I am only interested in honesty, humility and humanity.

Stories and the courage it takes to tell them.

My ambitions back over the last several years have been stratospheric – sprawling and spiralling into the aether and then when I couldn’t get there fast enough, I would cut my engines mid-flight in an act of boundless self-immolation. I remember talking to older women, lamenting the dematerialisation of my 30s; my petulant enthusiasm an exhausting mix of defensive and hypercritical. ‘You’re still a baby’ they’d laugh, not unkindly, which frankly made me more driven and defensive. Determined. Manic. Depressed. Rinse, repeat.

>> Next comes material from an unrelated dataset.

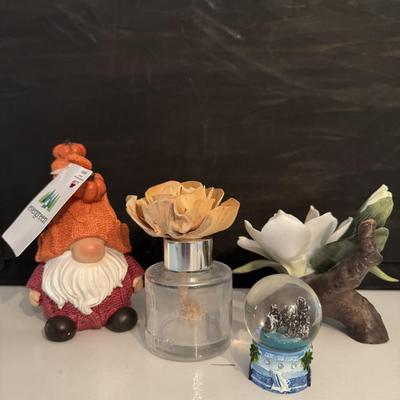 Knick knacks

Brene Brown calls midlife an ‘unravelling.’

How I have unravelled.

Last night I had a dream where I left a trail of destruction as I walked. If it was on my path then I kicked it until it broke. Onlookers watched as I punched through glass, kicked over rows of plants in terracotta pots, feeling the satisfying crumble of broken ceramic around my feet, contents strewn helplessly, roots exposed. When I woke up, I searched my hand for a dark wound that kept appearing – waiting for my flesh to rot, peel and disintegrate, like thin layers of smouldering paper. How apt, that my last dream at 39 was one of self-decimation.

I didn’t blaze into my 40s. I surrendered.

I am not fully-formed. I am only beginning to see the shape I am taking.

Happy birthday me. My day was filled with wonderful food, excellent people, beautiful messages (I’m still getting through them!), new experiences, sore muscles, free cake, a HD94, and some really great saké. On Saturday I get to see more excellent people and do it all over again.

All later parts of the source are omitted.